Translation:The Origins of Statics/Chapter 4

One would arrange more willingly the question of perpetual motion in Dynamics than in Statics; but, for Leonardo da Vinci and for Cardan, no more than for Aristotle, there does not exist between the two sciences any insurmountable barrier. On the other hand, the impossibility of perpetual motion has been admitted, by Galileo and Stevin, as an axiom suitable to base certain demonstrations of Statics; and Galileo and Stevin would have read the writings of Cardan, where they would have drawn their confidence in this axiom; and Cardan, writing against perpetual motion, had not done but summarize the sparse notes of Leonardo da Vinci. We would not have the familiarity therefore to produce an idea neat and complete of the origins of Statics if we did not pass in review the objections that Leonardo da Vinci and Cardan have opposed to the perpetuum mobile.

The search for perpetual motion is the generic name by which one designates two distinct utopias, the search for the perpetual mover and the search for the perpetually moved.

The broadest of these utopias, the search for the perpetual mover, is the error of the miller who, in his reservoir, detains a determined mass of water, allows it to fall from a determined height and who would want without adding a pint to this water, without adding an inch to the height of his reservoir, to combine some marvelous gears which would permit him to grind as much grain as it would please him to.

We have seen with what precision the great hydaulicist that is Leonardo brings back to their just measure the ambitions of our miller.

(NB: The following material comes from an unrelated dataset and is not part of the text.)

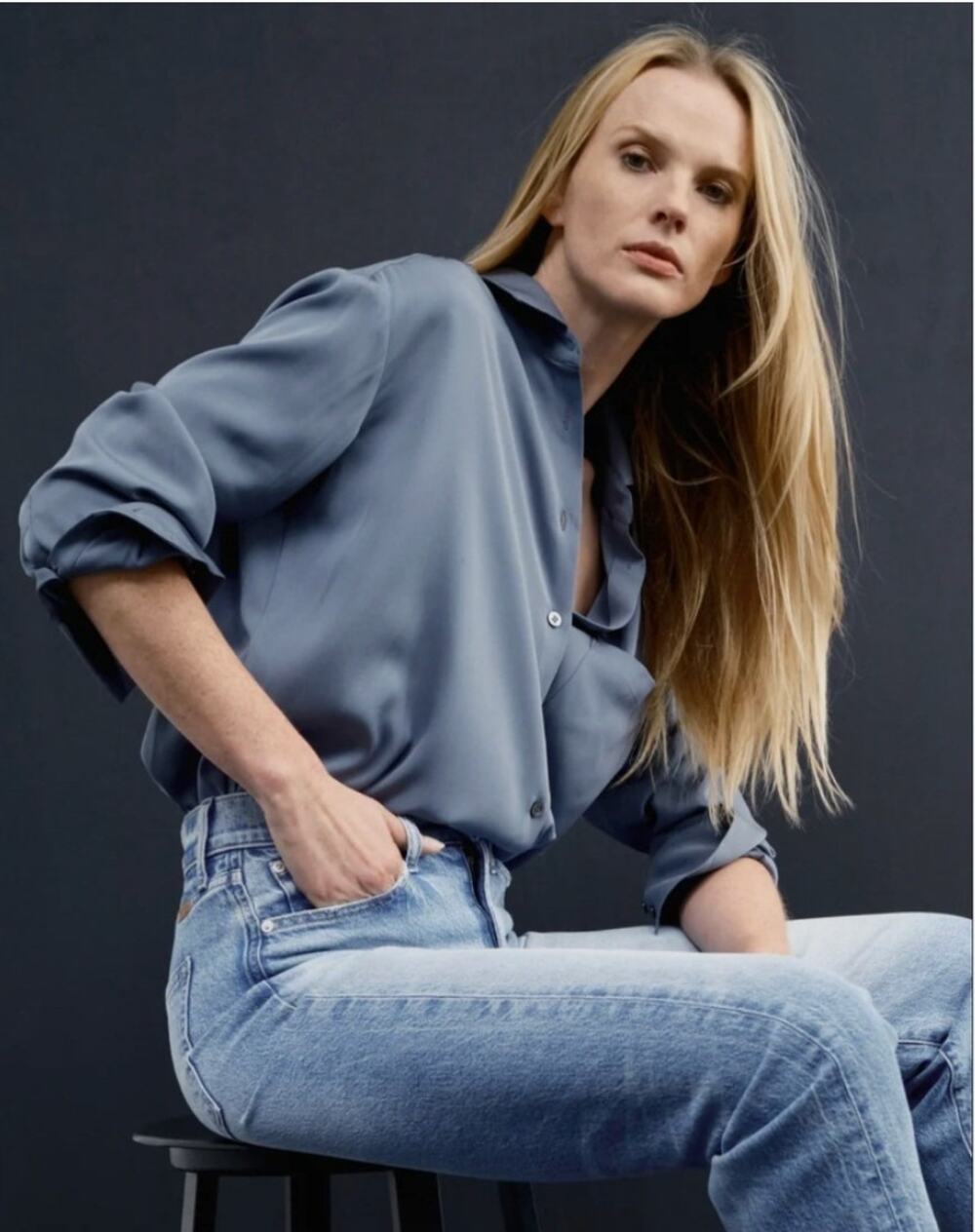 AYR The Deep End in Heavy Silk Tidepool Slate Blue Button Up Blouse XL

As he sets on his wheel one hundred millstones in the place of one; each one of them to him would grind one hundred times less grain. A given weight, falling from a given height, represents a determined motive power; this power, one can morsel it out, to variegate the work from it to infinity; one will not increase it.

This truth cuts short the hopes of the one who searches for a perpetual mover; it leaves the field free to the dreams of the one who pursues the realization of a perpetually moved.

Without asking from an engine any exterior mechanical effect, but also without exerting on it any action, could one not see this engine, once set in oscillation, moving indefinitely? Could one not, for example, construct a wheel so perfect that once launched, it would turn around its axis without ever stopping? Could one not arrange a clock from weights exactly equal, where the weight which reached the height of its course would descend in its turn while raising again the weight of which the fall had caused its ascension, in such a way that this perpetual clock would wind itself?

It is folly to ask a perpetual movement from an initial impulsion, for the motive power of this impulsion, what Leonardo da Vinci names his forza or his impeto, what Leibniz will name his living force, will be exhausted without cease; it is folly equally to wait for from an arrangement of weights a perpetually moved, for the gravity tends always to equilibrium; all movement produced by gravity has as its end repose:

"Nothing without life," says Leonardo da Vinci (1), "can push or pull without accompanying the thing moved; these movers cannot be but forza or weight; if the weight pushes or pulls, it does not effect this motion in the thing but because weight desires repose, and anything moved by its falling motion not being able to return to its first height, its motion ends.

"And if the thing which moves another thing is a forza, this force, it also, accompanies the thing moved by it, and it moves the thing in such a way that it wears itself out; being consumed, none of the things which has been moved by the force is capable of reproducing it. Therefore anything moved cannot have a long operation, because, the causes being missing, the effects are missing."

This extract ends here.